Simstring (python) installation in windows

Question:

I am trying to install simstring python wrapper in windows by https://github.com/Georgetown-IR-Lab/simstring. For linux it works fine but for windows it is giving me error while installing.

    D:Userssourcerepos>python setup.py install
    running install
    running build
    running build_py
    running build_ext
    building '_simstring' extension
    C:Program Files (x86)Microsoft Visual Studio2017CommunityVCToolsMSVC14.12.25827binHostX86x64cl.exe /c /nologo /Ox /W3 /GL /DNDEBUG /MD -I. -IC:ProgramDataAnaconda3include -IC:ProgramDataAnaconda3include "-IC:Program Files (x86)Microsoft Visual Studio2017CommunityVCToolsMSVC14.12.25827ATLMFCinclude" "-IC:Program Files (x86)Microsoft Visual Studio2017CommunityVCToolsMSVC14.12.25827include" "-IC:Program Files (x86)Windows KitsNETFXSDK4.6.1includeum" "-IC:Program Files (x86)Windows Kits10include10.0.16299.0ucrt" "-IC:Program Files (x86)Windows Kits10include10.0.16299.0shared" "-IC:Program Files (x86)Windows Kits10include10.0.16299.0um" "-IC:Program Files (x86)Windows Kits10include10.0.16299.0winrt" /EHsc /Tpexport.cpp /Fobuildtemp.win-amd64-3.6Releaseexport.obj
    export.cpp
    export.cpp(7): fatal error C1083: Cannot open include file: 'iconv.h': No such file or directory
    error: command 'C:\Program Files (x86)\Microsoft Visual Studio\2017\Community\VC\Tools\MSVC\14.12.25827\bin\HostX86\x64\cl.exe' failed with exit status 2

After this I included iconv.h in the project.
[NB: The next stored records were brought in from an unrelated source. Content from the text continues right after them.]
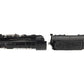 Williams 40199 O-27 NYC Hudson 4-6-4 Steam Locomotive and Tender #5443 EX/Box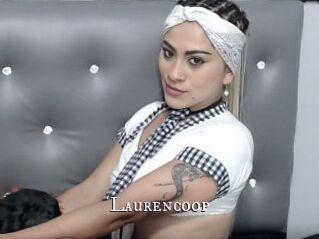 Laurencoop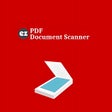 プログラムのアイコン: PDF Document Scanner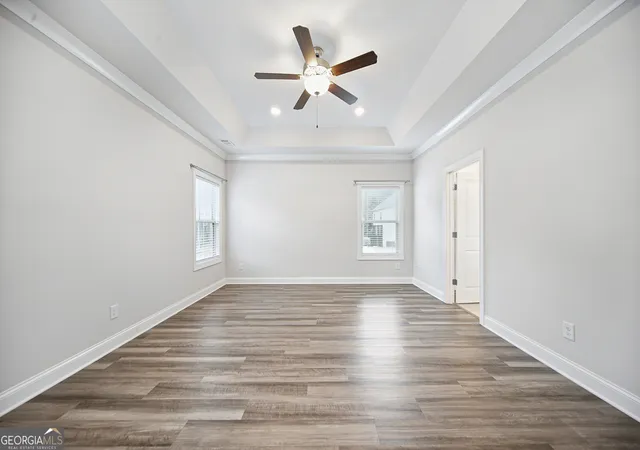 Photo 3 of Single family home for sale at 313 Hannah Pl, Canton, GA 30115 | MLS# 10874601 | Listing updated on 2026-10-31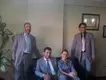 Rota Hukuk Bürosu hukuk bürosu fotoğrafı 2 - Sivas, Sivas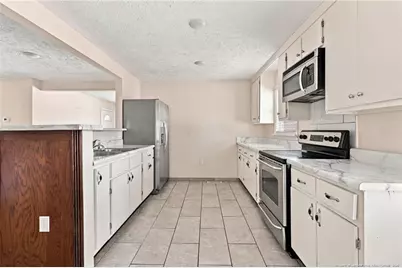 2072 Seneca Drive, Fayetteville, NC 28301 - Photo 19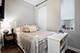 2017 W Huron, Chicago, IL 60612
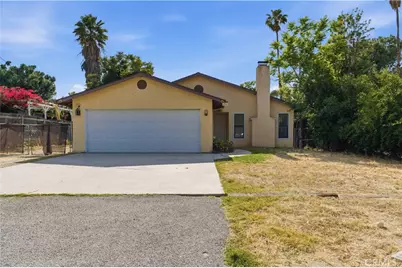 26959 Meridian, Hemet, CA 92544 - Photo 1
But now it shows different error.

running install
running build
running build_py
running build_ext
building '_simstring' extension
C:Program Files (x86)Microsoft Visual Studio2017CommunityVCToolsMSVC14.12.25827binHostX86x64cl.exe /c /nologo /Ox /W3 /GL /DNDEBUG /MD -I. -IC:ProgramDataAnaconda3include -IC:ProgramDataAnaconda3include "-IC:Program Files (x86)Microsoft Visual Studio2017CommunityVCToolsMSVC14.12.25827ATLMFCinclude" "-IC:Program Files (x86)Microsoft Visual Studio2017CommunityVCToolsMSVC14.12.25827include" "-IC:Program Files (x86)Windows KitsNETFXSDK4.6.1includeum" "-IC:Program Files (x86)Windows Kits10include10.0.16299.0ucrt" "-IC:Program Files (x86)Windows Kits10include10.0.16299.0shared" "-IC:Program Files (x86)Windows Kits10include10.0.16299.0um" "-IC:Program Files (x86)Windows Kits10include10.0.16299.0winrt" /EHsc /Tpexport.cpp /Fobuildtemp.win-amd64-3.6Releaseexport.obj
export.cpp
d:usersakisourcerepossimstringcdbpp.h(101): warning C4267: 'initializing': conversion from 'size_t' to 'uint32_t', possible loss of data
export.cpp(37): error C2664: 'size_t libiconv(libiconv_t,const char **,size_t *,char **,size_t *)': cannot convert argument 2 from 'char **' to 'const char **'
export.cpp(37): note: Conversion loses qualifiers
export.cpp(140): note: see reference to function template instantiation 'bool iconv_convert<std::string,std::wstring>(libiconv_t,const source_type &,destination_type &)' being compiled
        with
        [
            source_type=std::string,
            destination_type=std::wstring
        ]
error: command 'C:\Program Files (x86)\Microsoft Visual Studio\2017\Community\VC\Tools\MSVC\14.12.25827\bin\HostX86\x64\cl.exe' failed with exit status 2

Any help or guidance is appreciated.

Asked By: the_spectator

||

Answers:

Ground notes:

  • I managed to go with the build process but I got stuck at one point. I created [SO]: Compile error for (char based) STL (stream) containers in Visual Studio (I spent quite some time on that issue). I got that working somehow, but there were other (similar?) errors when trying to build SimString, so I had to strip some (Nix based) code (that didn’t compile) out

  • SimString is written in C++. When C++ (C) code is built, the result is PE or Portable Executable (.exe, .dll). Check [SO]: LNK2005 Error in CLR Windows Form (@CristiFati’s answer) for more details regarding how code gets transformed. When dealing with an .exe that depends on (loads) .dlls, there are certain restrictions:

    • The .exe (in this case python.exe)’s architecture (032bit (pc032) vs. 064bit (pc064) or (x86 vs. x64 (or AMD64))) must match the one of any .dll that it loads (and other .dll that a loaded .dll loads, and so on), so all the dlls in the dependency tree, otherwise the .dll won’t load

    • The platform (Debug vs. Release) should match in some cases. Here’s what could happen if it didn’t: [SO]: When using fstream in a library I get linker errors in the executable (@CristiFati’s answer), but I don’t think that we are in that situation

    • The build tools should also match in some (other) cases. Examples:

      • Compiler type ([SO]: Python extensions with C: staticforward (@CristiFati’s answer))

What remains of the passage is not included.